Senhora Barbosa hatte ihnen inzwischen die Nummer des Schließfaches und den Code per SMS zukommen lassen: Schließfach 236 und Code 236. Das Fach war unbeschädigt, aber die Rolle mit den Hologrammen nicht echt, wie Isadora ihnen umgehend nach ihrem Eintreffen hier hatte bestätigen können.
»Was fehlt denen noch für den Druck von Banknoten, Senhor Lost?«
»Ich warte noch auf die Liste. Aber im Zweifelsfall nur noch eine professionelle Druckerei mit kriminellen Ambitionen.«
Graciana nickte Carlos zu, der ihr Nicken erwiderte: Er würde gleich morgen früh herumtelefonieren und eine Übersicht zusammenstellen.

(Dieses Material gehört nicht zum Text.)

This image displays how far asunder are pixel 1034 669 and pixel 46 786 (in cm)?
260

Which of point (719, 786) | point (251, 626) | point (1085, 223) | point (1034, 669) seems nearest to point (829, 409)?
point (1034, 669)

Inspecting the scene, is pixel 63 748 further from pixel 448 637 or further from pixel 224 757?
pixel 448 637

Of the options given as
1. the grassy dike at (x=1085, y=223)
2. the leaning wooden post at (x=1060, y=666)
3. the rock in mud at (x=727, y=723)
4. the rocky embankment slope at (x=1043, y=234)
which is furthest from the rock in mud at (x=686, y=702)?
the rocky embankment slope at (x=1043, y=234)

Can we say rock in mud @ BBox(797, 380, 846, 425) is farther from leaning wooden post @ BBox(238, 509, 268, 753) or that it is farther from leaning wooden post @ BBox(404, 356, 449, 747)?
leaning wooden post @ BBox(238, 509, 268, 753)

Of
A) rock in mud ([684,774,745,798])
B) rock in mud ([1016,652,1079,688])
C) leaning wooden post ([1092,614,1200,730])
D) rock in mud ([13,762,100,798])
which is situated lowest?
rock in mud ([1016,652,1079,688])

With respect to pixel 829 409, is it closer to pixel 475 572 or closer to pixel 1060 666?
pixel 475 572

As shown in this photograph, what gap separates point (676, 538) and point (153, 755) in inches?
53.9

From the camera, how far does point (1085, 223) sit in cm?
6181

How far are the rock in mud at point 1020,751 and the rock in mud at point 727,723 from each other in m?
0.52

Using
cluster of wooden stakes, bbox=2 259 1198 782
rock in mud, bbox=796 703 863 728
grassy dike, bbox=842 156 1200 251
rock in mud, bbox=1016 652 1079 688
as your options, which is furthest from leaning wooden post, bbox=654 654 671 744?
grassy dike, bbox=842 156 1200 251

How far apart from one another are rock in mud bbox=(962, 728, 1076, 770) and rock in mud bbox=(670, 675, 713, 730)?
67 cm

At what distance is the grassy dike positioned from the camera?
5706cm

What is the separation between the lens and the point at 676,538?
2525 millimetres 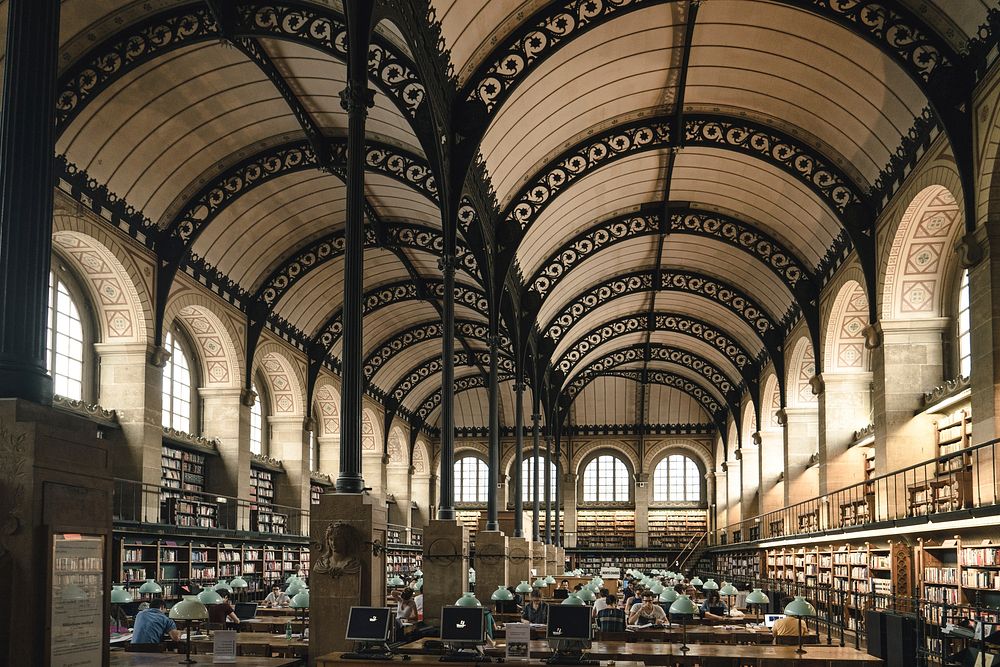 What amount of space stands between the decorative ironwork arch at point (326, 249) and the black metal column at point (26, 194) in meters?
18.6

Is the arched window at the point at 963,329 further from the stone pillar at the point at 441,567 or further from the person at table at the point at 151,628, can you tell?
the person at table at the point at 151,628

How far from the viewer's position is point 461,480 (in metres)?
48.8

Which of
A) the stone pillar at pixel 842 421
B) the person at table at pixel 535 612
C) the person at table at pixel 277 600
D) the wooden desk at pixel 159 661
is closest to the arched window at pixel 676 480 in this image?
the stone pillar at pixel 842 421

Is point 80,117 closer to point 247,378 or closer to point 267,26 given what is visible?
point 267,26

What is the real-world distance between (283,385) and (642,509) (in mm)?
23677

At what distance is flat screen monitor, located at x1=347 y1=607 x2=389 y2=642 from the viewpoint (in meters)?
9.08

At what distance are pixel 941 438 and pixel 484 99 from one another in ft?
34.1

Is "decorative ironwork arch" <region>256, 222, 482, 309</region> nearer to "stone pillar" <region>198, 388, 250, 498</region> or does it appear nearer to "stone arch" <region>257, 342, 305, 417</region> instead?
"stone pillar" <region>198, 388, 250, 498</region>

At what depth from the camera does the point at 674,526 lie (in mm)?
46688

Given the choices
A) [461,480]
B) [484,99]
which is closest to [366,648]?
[484,99]

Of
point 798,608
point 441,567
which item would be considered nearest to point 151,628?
point 441,567

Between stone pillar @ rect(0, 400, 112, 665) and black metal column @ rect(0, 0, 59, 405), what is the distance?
0.64ft

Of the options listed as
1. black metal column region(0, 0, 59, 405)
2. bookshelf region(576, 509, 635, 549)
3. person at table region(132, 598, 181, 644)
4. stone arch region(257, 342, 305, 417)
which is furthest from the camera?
bookshelf region(576, 509, 635, 549)

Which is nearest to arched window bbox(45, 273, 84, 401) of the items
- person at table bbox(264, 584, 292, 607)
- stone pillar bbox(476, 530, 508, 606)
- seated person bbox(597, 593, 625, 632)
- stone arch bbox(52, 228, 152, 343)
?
stone arch bbox(52, 228, 152, 343) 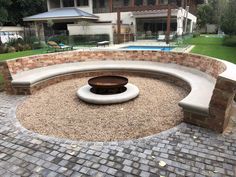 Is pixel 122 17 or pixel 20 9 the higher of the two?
pixel 20 9

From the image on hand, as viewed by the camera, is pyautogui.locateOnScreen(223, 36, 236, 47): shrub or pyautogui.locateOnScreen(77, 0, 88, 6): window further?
pyautogui.locateOnScreen(77, 0, 88, 6): window

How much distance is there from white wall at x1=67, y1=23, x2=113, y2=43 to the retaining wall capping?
13963 millimetres

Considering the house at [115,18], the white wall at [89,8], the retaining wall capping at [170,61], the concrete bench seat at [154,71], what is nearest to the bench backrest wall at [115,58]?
the retaining wall capping at [170,61]

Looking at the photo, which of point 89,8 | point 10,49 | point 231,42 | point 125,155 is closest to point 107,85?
point 125,155

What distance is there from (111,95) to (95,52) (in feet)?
12.2

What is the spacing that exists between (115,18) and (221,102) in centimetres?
2463

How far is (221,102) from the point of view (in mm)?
3365

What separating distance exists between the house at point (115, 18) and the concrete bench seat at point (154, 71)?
47.0ft

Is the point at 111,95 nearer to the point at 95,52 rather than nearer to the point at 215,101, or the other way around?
the point at 215,101

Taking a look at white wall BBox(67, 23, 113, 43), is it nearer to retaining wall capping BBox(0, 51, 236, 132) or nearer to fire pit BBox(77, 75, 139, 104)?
retaining wall capping BBox(0, 51, 236, 132)

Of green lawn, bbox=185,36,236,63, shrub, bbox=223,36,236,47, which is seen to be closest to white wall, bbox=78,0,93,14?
green lawn, bbox=185,36,236,63

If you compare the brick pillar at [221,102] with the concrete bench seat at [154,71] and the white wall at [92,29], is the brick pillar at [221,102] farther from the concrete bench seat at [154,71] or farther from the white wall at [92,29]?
the white wall at [92,29]

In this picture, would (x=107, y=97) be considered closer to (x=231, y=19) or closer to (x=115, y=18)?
(x=231, y=19)

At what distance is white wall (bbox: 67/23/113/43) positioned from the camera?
21.6m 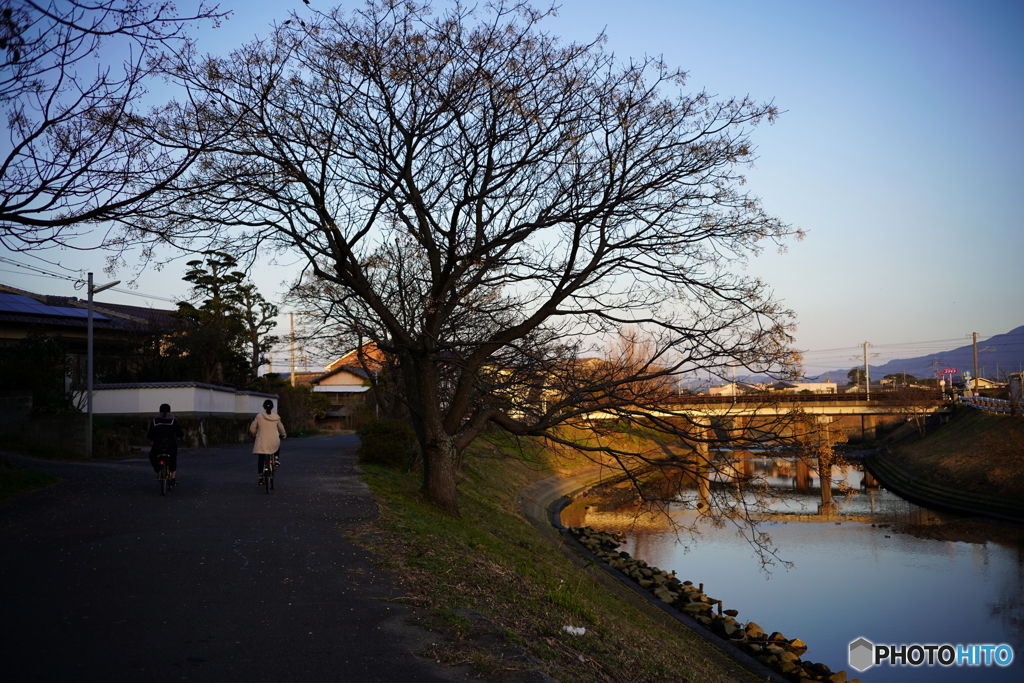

Pontes’ Leiche war schon in die Rechtsmedizin abtransportiert worden, Doutora Oliveira hatte von sich aus angerufen, denn sie wohnte in Estoi und hatte all die Sirenen gehört, die von den Fahrzeugen stammten, die aus allen Himmelsrichtungen nach São Brás ausrückten.
Die Kollegen Alves und Romão hatten den Einsatz in dem Ort die letzte Stunde über geleitet. Nun, da sich Losts Prognose bewahrheitet hatte, orderten sie ihren eigenen Kriminaltechniker zu Isadoras Entlastung an, damit die sich um die Spuren hier an den Schließfächern kümmern konnte.
Sie war vor nicht mal fünf Minuten mit ihrer großen, schwarzen Tasche, der mala magica, bei ihnen eingetroffen und hatte gleich mit der Arbeit begonnen.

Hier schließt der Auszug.